Well the European data are pretty much as expected, we're on the way down:
Eurozone manufacturing industry slid closer to the brink of renewed recession in May, a leading business survey showed on Monday, raising pressure on the European Central Bank to cut interest rates at its next meeting. The unexpectedly sharp drop in the Reuter/NTC Research purchasing managers' index for manufacturing, which hit its lowest level for 16 months, dashed lingering hopes of a recovery soon in the 12-nation bloc.
Economists said the data pointed to a renewed weakening of the eurozone economy in the wake of the Iraq war as the surging euro, which climbed above its launch rate in late May, depressed export orders, a key pillar of growth. "There has been no Baghdad bounce.. not even a Baghdad blip and the pressure on the ECB to cut by 50 basis points" at its rate setting meeting on Thursday "has moved higher still", said Robert Prior of HSBC. NTC Research said the drop in the PMI, which fell from 47.8 in April to 46.8 in May, even further below the 50 mark that separates growth from contraction, reflected an accelerating decline in output, new orders and employment. The PMI data were released as a "flash inflation estimate" from Eurostat, the European Union's statistics office, showed price pressures subsiding, increasing the ECB's room for manoeuvre on interest rates.
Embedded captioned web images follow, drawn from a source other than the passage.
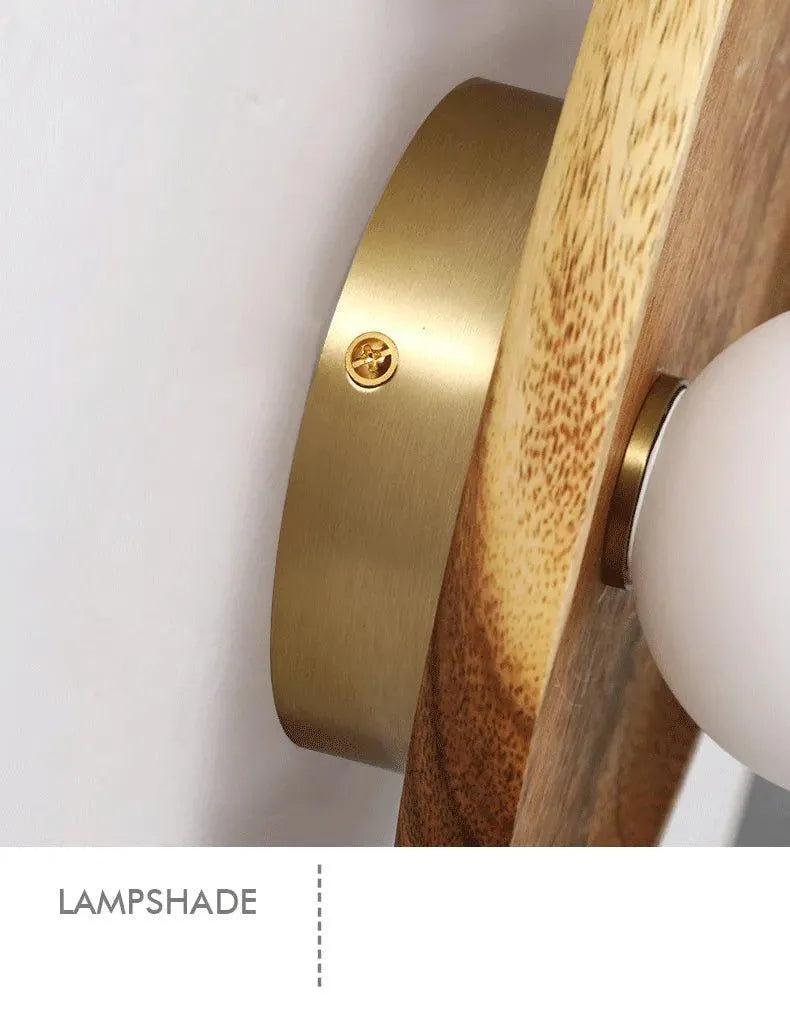 Japanese Minimalist Solid Wood Wall Light │ Modern Nordic LED Bedside Lamp Lighting - Besontique Home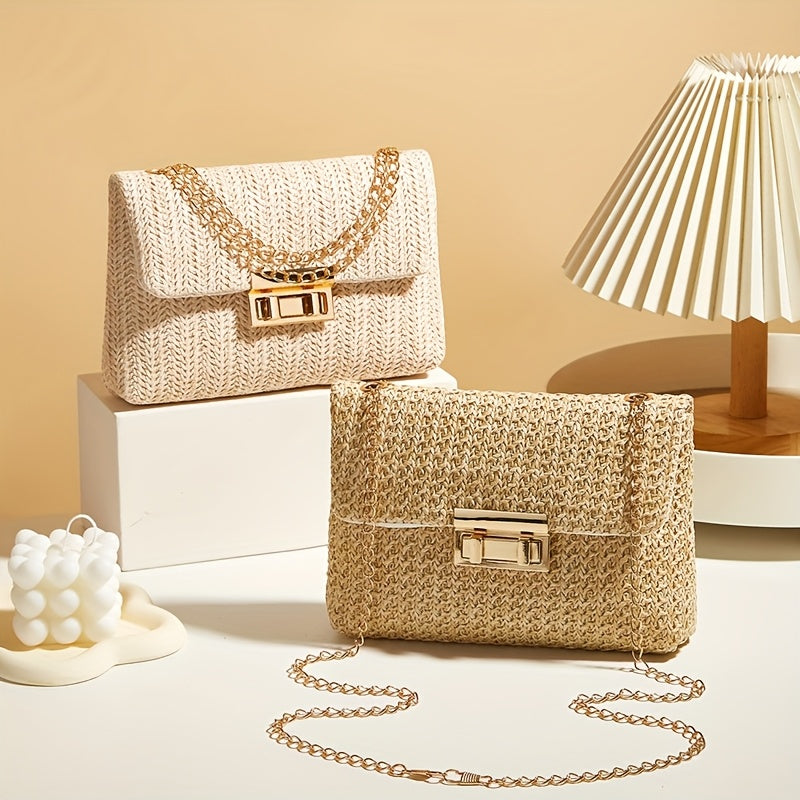 Crossbody Bag for Women Chain Strap Summer Beach Straw Flap Handbag Stylish Accessory Shoulder Bag for Day-to-Night Outfits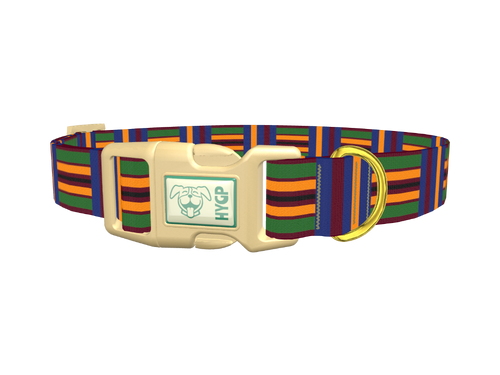 Azure Brown Green Stripe Dog Collar
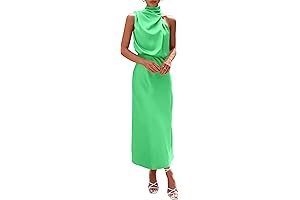 Womens Elegant Sleeveless Mock Neck Cocktail Party Maxi Dresses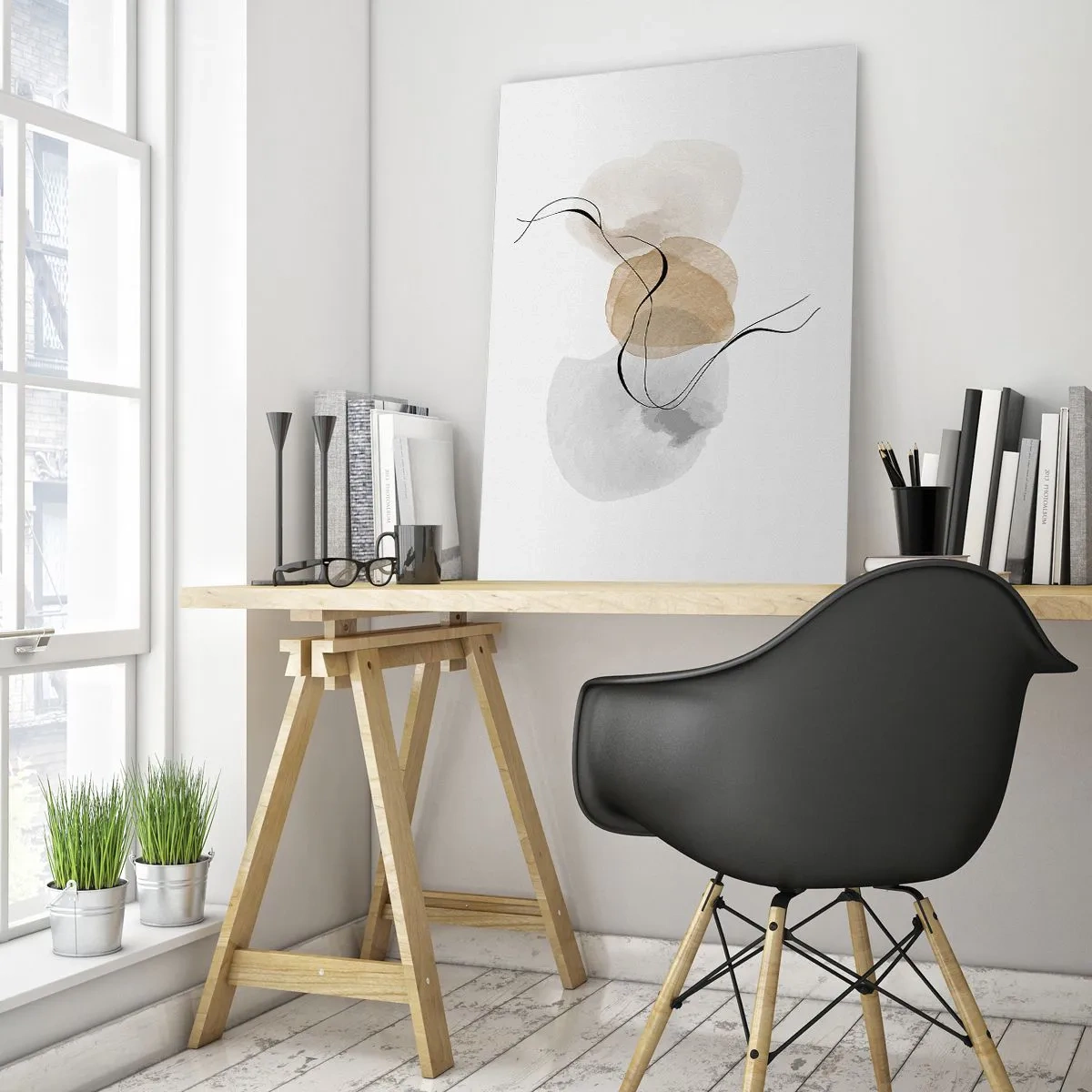Cuadro sobre vidrio - Impresiones sobre Vidrio - Una abstracción sutil con manchas pastel y líneas negras. - 50x70cm - Pompas de aire - Decoración de pared moderna para salón y dormitorio ARTTOR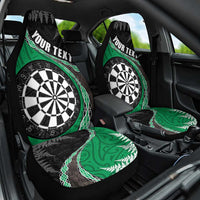Personalised New Zealand Darts Car Seat Cover Koru Tribal Tattoo and Silver Fern Maori Pattern Green Color LT03 One Size Green - Polynesian Pride
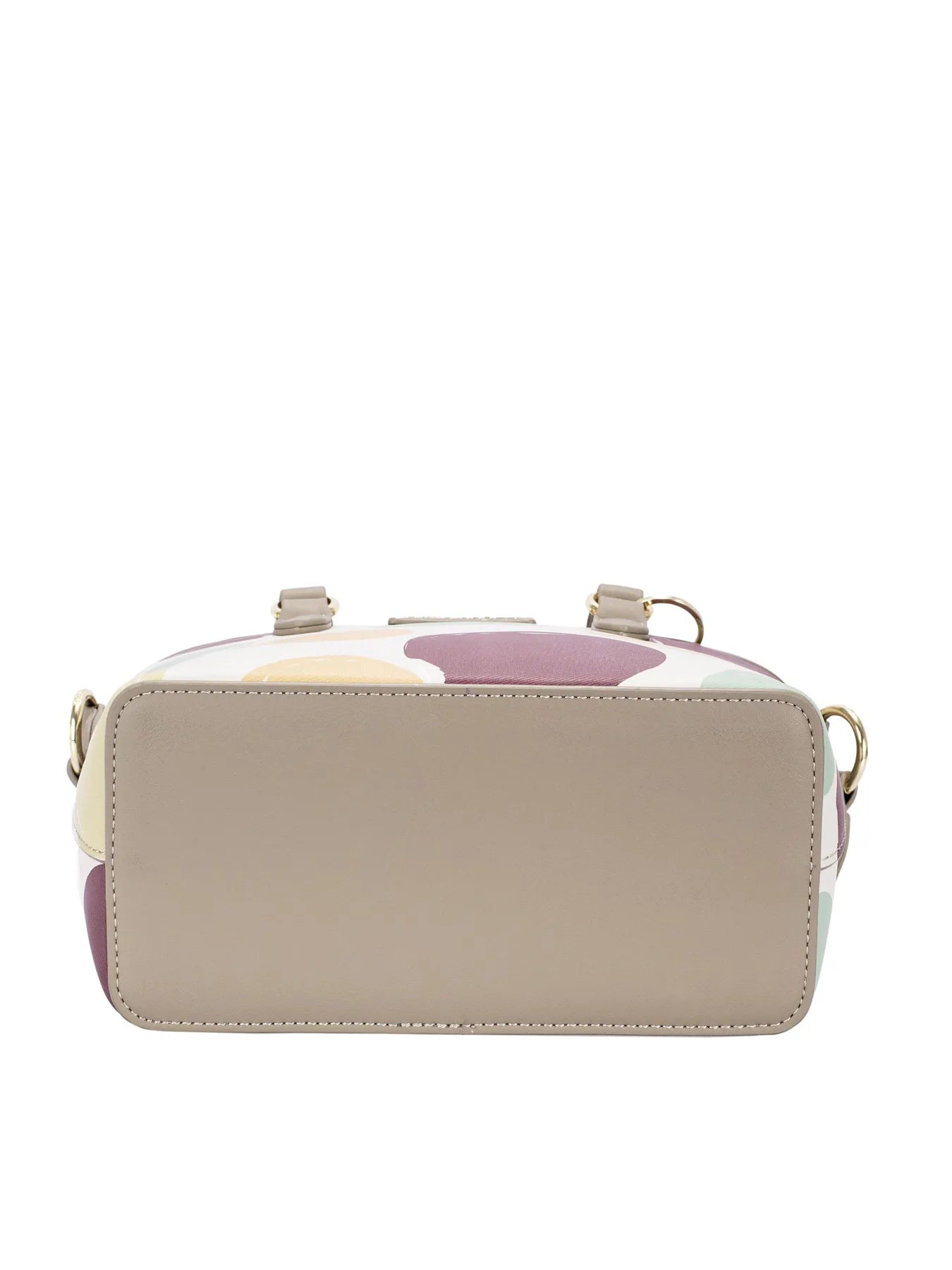 Beige handbag with purple accents on a white background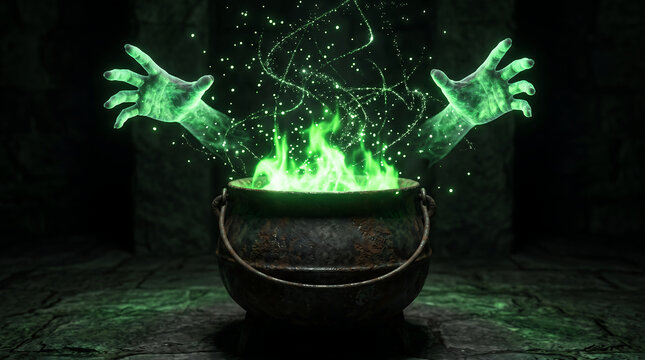 Witch's hands over a cauldron with a magic potion in a dark room. Witch casting spells on Halloween night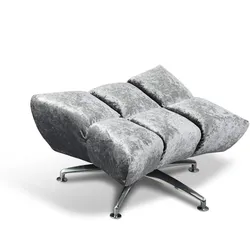 Bretz Hocker Hangout Stoff Silber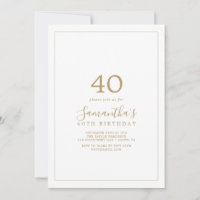 Minimalist Gold 40th Birthday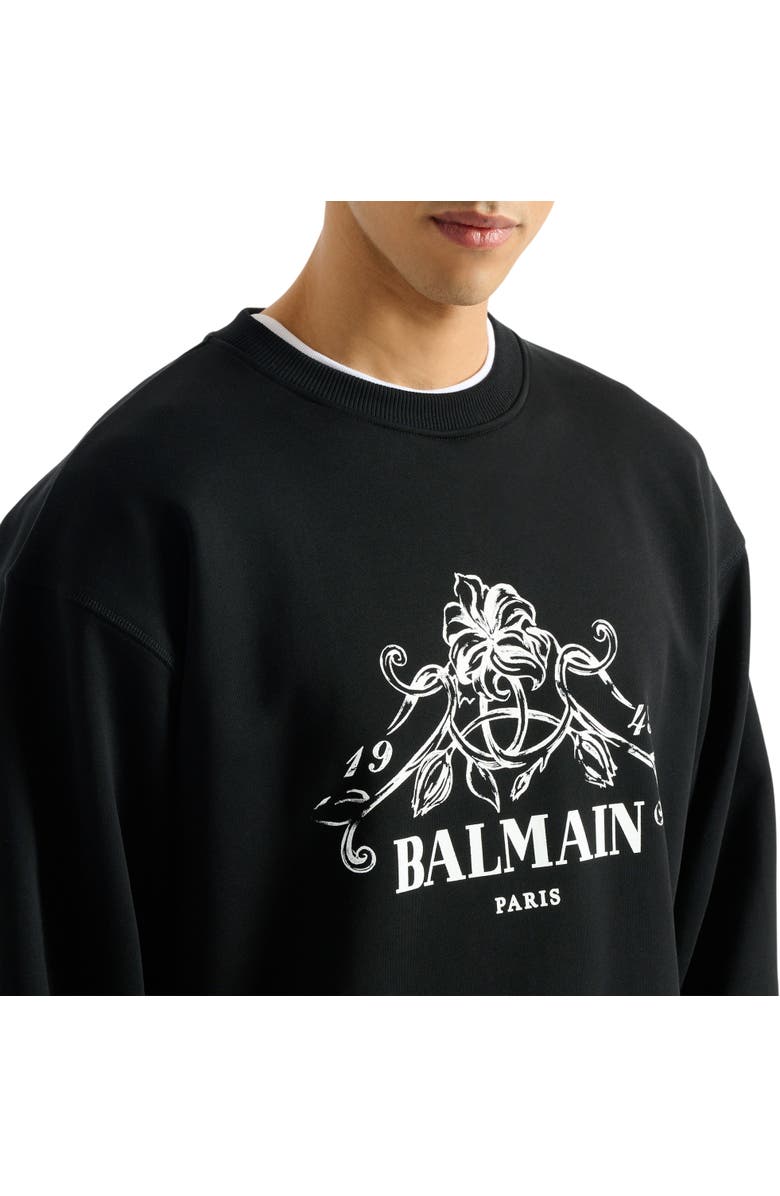 Balmain Printed Balmain Vine sweatshirt, Alternate, color, Black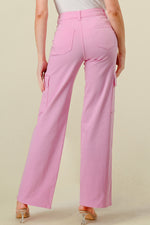 LVB-600 LIGHT PINK HIGH WAISTED STRETCHY WOMEN'S CARGO JEANS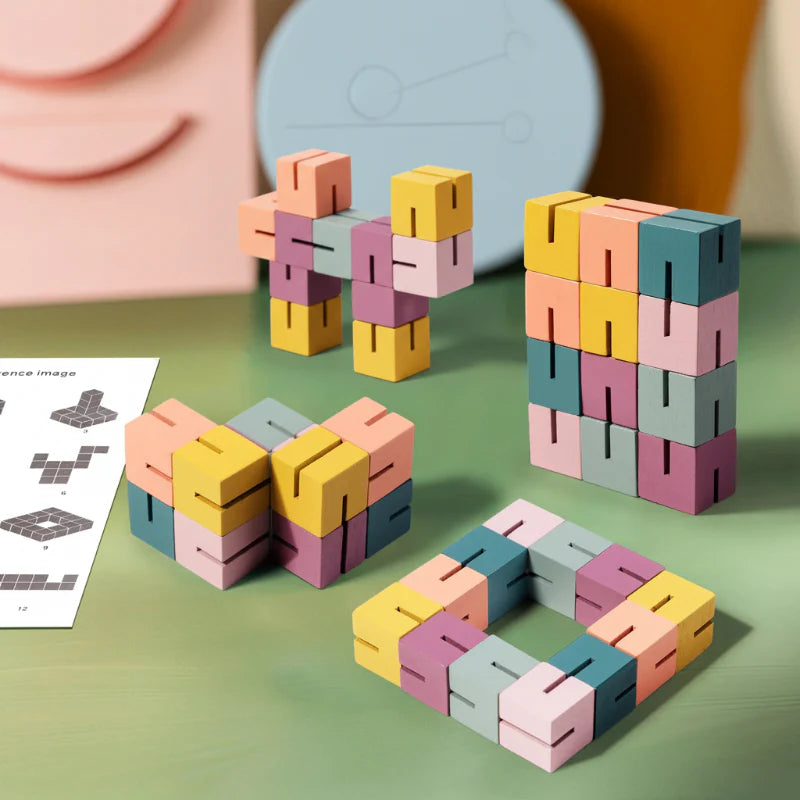 WoodCraft– Herausfordernd&Lehrreich– 3D-Holzbauklötze-Puzzle | Pädagogisches Holzspielzeug von Mein Kleines Baby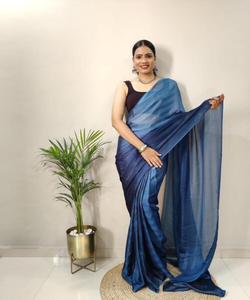 Superbe saree en georgette pour femme avec chemisier fantaisie prêt à l'emploi pour fête de mariage sari/sari/shari - Product Image 4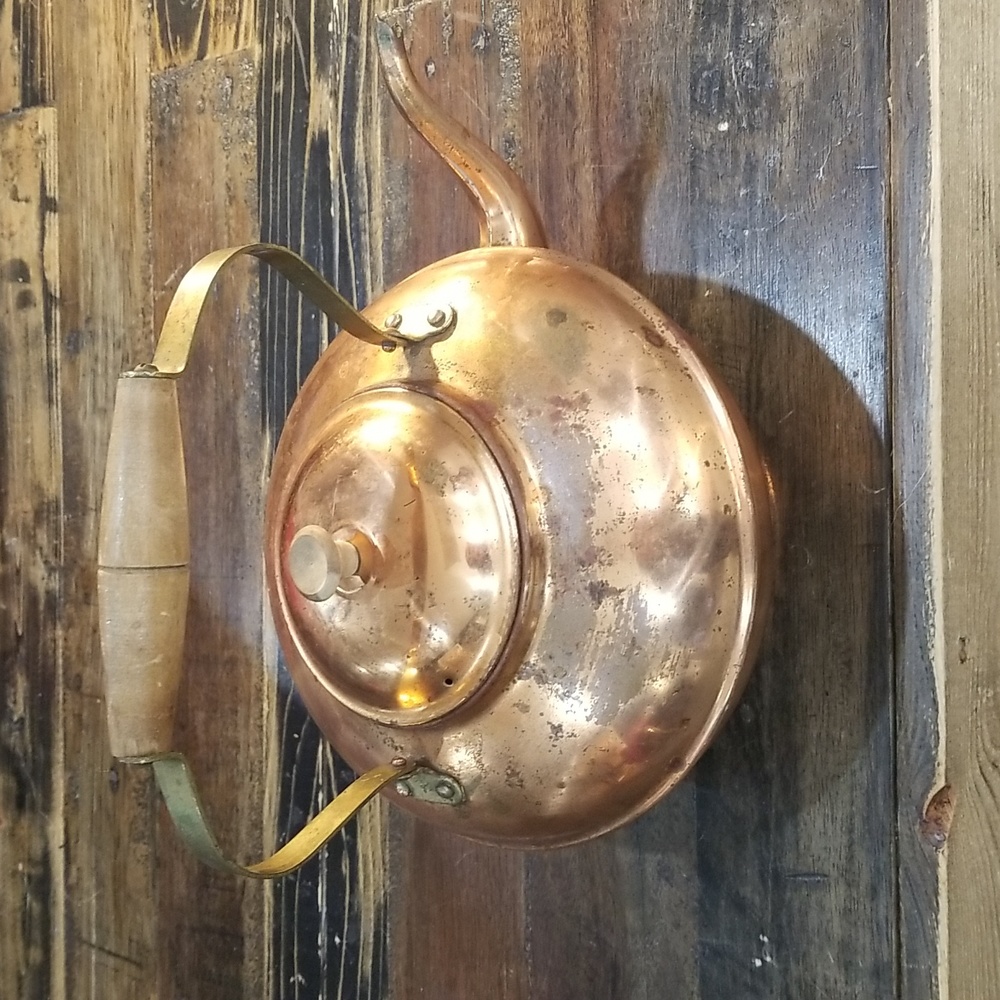 Vintage copper tea pot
Eurostat said inflation fell from 2.1 per cent in April to 1.9 per cent in May, below the ECB's 2 per cent price stability ceiling for the first time in almost a year. Economists said the decline was an added reason for an aggressive move. In recent days Lucas Papademos, the ECB's vice-president, Ottmar Issing, its chief economist, and several governing council members have signalled there is room to relax the bank's monetary stance. But economists fear that the ECB may err on the side of caution and cut rates by just 25 basis points, as it did in March this year. That might signal a split on the ECB council, with the hawks not yet convinced of the urgency of more easing.